As Ryan Cordell’s research has shown, 19th-century newspaper stories were often cut, pasted, and reprinted by dozens, if not hundreds, of publications. In effect, some stories “went viral” in a way that’s very familiar to modern audiences used to reading their news online. The development of syndication further encouraged the distribution of newspaper content to audiences around the world.
The potential consequences of such widespread distribution became obvious in 1925 when cartoonist David Low depicted English cricketer Jack Hobbs towering above a “Gallery of the Most Important Historical Celebrities,” including Adam, Charlie Chaplin, Christopher Columbus, and Mohammed. Had Low’s image stayed within the pages of The Star, which originally published it, it would likely have attracted little comment. However, it was syndicated to the Morning Post in India, where it “convulsed many Muslims in speechless rage. Meetings were held and resolutions of protest were passed.”
The Danish cartoons
While there was likely no relationship between the “resolutions of protest” and the 1925 riots in India, the same cannot be said for the confrontations over the so-called “Danish cartoons.” On September 30, 2005, Jyllands-Posten published 12 cartoons depicting the Prophet Mohammed, presenting them as a response to the perceived self-censorship of artists afraid of offending religious communities, particularly Moslems, many of whom object to visual representations of the prophet. As expected, the cartoons attracted controversy, and the controversy attracted interest. Soon, they had been reprinted by outlets worldwide, including Charlie Hebdo, and some of the protests turned violent.

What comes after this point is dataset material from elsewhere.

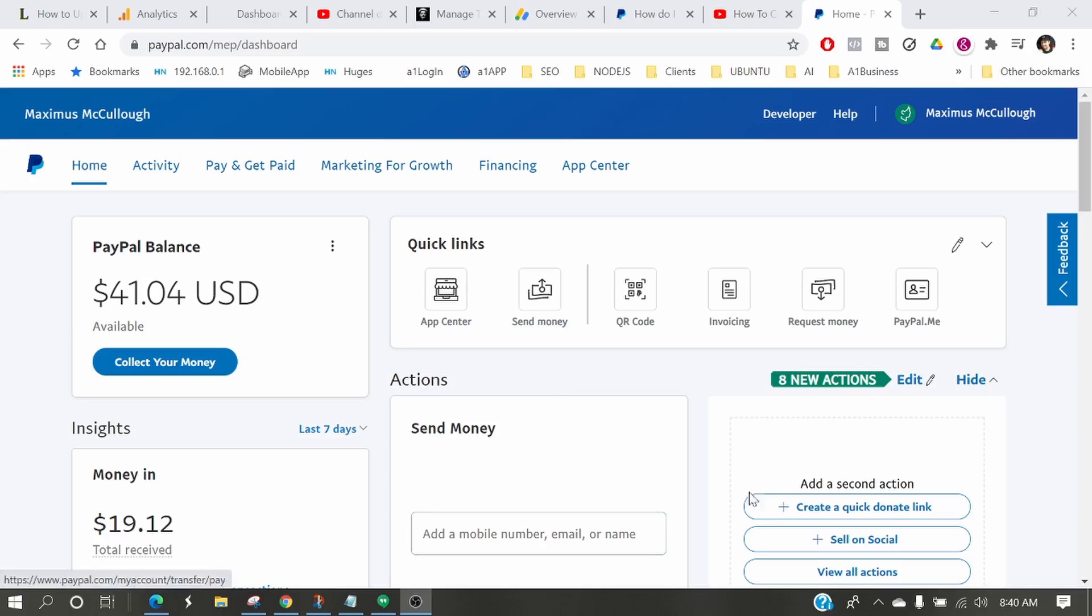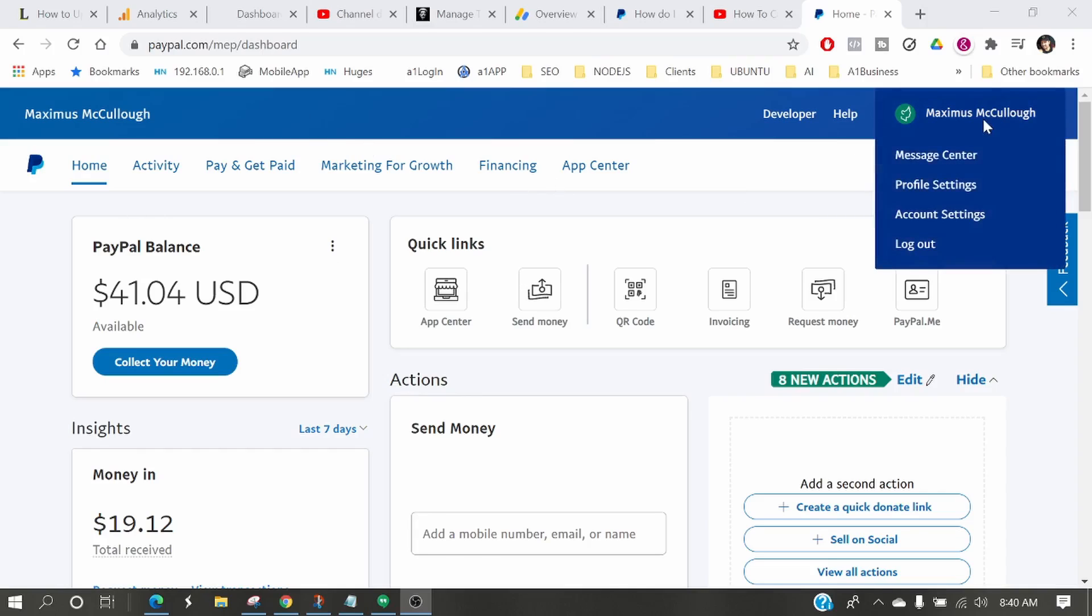If you want to cancel an automatic payment, here's the new process. I'm not saying this is going to be the process in the future, but this is the process right now as of November 2020. You've got to log into your PayPal account dashboard. You go up here by your name and then go to account settings.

Nearly a decade later, the shadow of the Danish cartoons still lingers. They have been linked with several terrorist plots against European targets, and figure prominently in discussions about last week’s attacks in Paris.

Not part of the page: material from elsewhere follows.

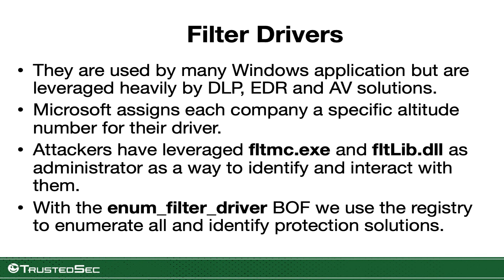Hello everyone, Carlos here from the TrustedSec research team. Today I want to talk to you about a BOF that Adam Todd from my team wrote specifically for enumerating filter drivers and telling you what type of driver it is.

Cartoons in the age of globalization
While Charlie Hebdo editor Charb defended his magazine’s depictions of the prophet as an exercise in free speech, and Flemming Rose, the editor of Jyallands-Posten, has insisted that his newspaper would not have published the cartoons if it did not consider Danish Moslems full members of Danish society, many other observers have criticized them as symptomatic of the discrimination that Moslems face worldwide. One of the gunmen’s associates, Amedy Coulibaly, who was fatally shot by the police after taking more than a dozen hostages at a kosher grocery store, left behind a video in which he said, “What we are in the process of doing is completely legitimate considering what they do… It has been completely deserved for a long time.”
Before the brutal attacks, Charlie Hebdo‘s printed magazine had a circulation of 30,000 per week. This week’s print run will be around five million copies. Its website, of course, has a potentially global reach. As the Internet continues to penetrate the globe, satirical political and religious cartoons will only spread farther.

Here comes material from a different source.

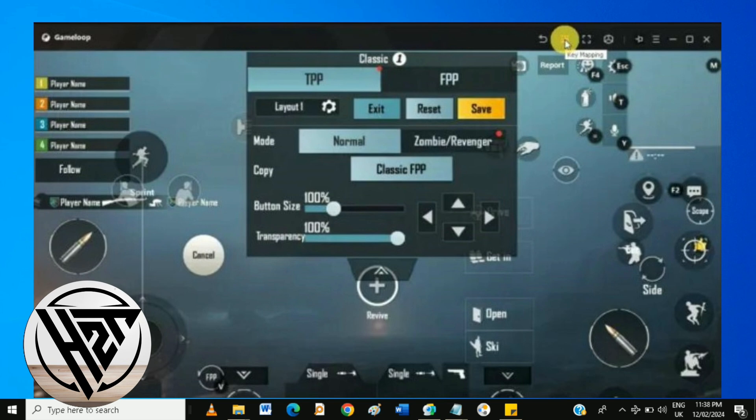Fine-tune the sensitivity settings for each control to match your preferences. This is crucial for precise aiming and movement.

Never before have we had the power to reach this many people. That power, of course, is a double-edged sword. Technology may be bringing ideas to the masses, but whose ideas? And when the audience includes the “bad guys,” intent on using violence to express their opposition to certain ideas, we see the dangerous side of “reach.”
Chia Evers is a writer and researcher living in Cambridge, Mass.